The Royal Institution of Chartered Surveyors’ UK construction market survey revealed that industry wages rose by an average of 6 per cent in 2015, three times higher than the national average.
RICS said the lack of skills in the sector was also jeopardising some of the government’s biggest housing and infrastructure projects.
More than 60 per cent of construction professionals that responded to the survey reported that they had seen sharp wage increases in the sector. Two-thirds of respondents cited labour shortages as the biggest barrier to growth in the sector.
The statistics come just a week after a report by Arcadis found that rapid rises in labour costs in London were threatening construction growth in the capital.
RICS chief economist Simon Rubinsohn said: “While workloads are still growing at a relatively healthy pace, labour shortages in the construction sector are causing delays at different stages in the development process and leading to significant problems with project planning.
“That said, industry wages are becoming increasingly attractive, and I would hope that over time this will encourage skilled workers to return to the sector, as well as drawing school-leavers and graduates towards construction industry careers.”
Bricklayers and quantity surveyors were found to be the construction professions in shortest supply, with 62 per cent and 60 per cent of respondents reporting difficulty finding workers in these trades respectively.
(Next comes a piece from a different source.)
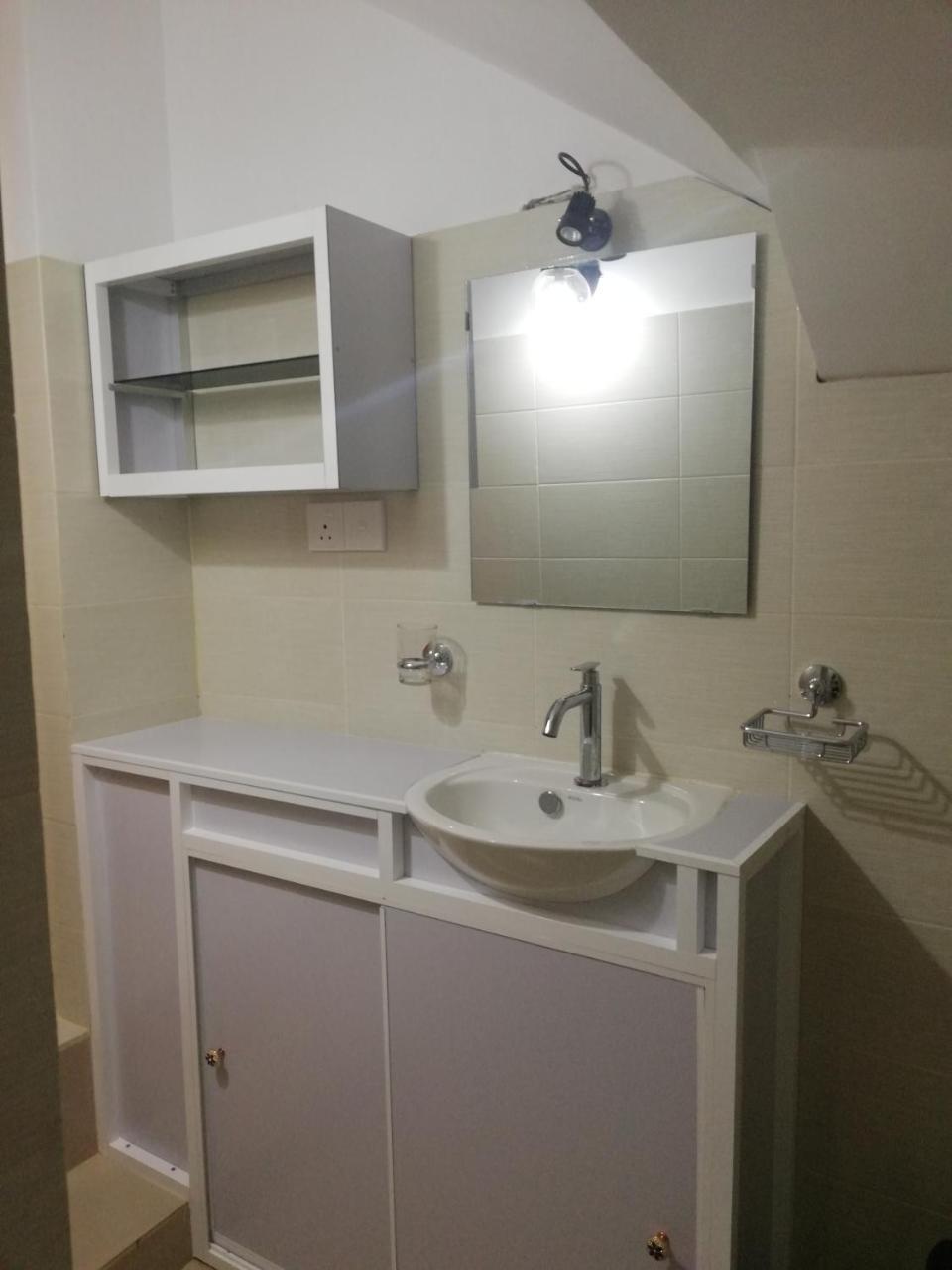 Bed and Breakfast Air Port 5 Minutes Super Clean Upul Negombo Exterior foto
The survey did reveal that a net balance of respondents (+33 per cent) were still seeing an increase in the number of projects they were taking on in Q4 2015. Nevertheless, this was down from the previous quarter, when the balance was +39 per cent.
RICS future talent director Sally Speed said: “The construction skills crisis is slowing growth in a sector that is vital to UK plc.
”Unless government looks to address the problem urgently, some of its key housing and infrastructure programmes could soon face crippling delays and spiralling costs.
“To tackle the problem, government must deliver a new skills strategy that will enable industry, unions and educators to work together and deliver real solutions. Apprenticeships alone will not be enough. Ministers must look to draw a link between education, future careers and skills.
“Employers need to take the lead in improving skill levels, providing more vocational pathways to work and actively engaging with our country’s schools and colleges.”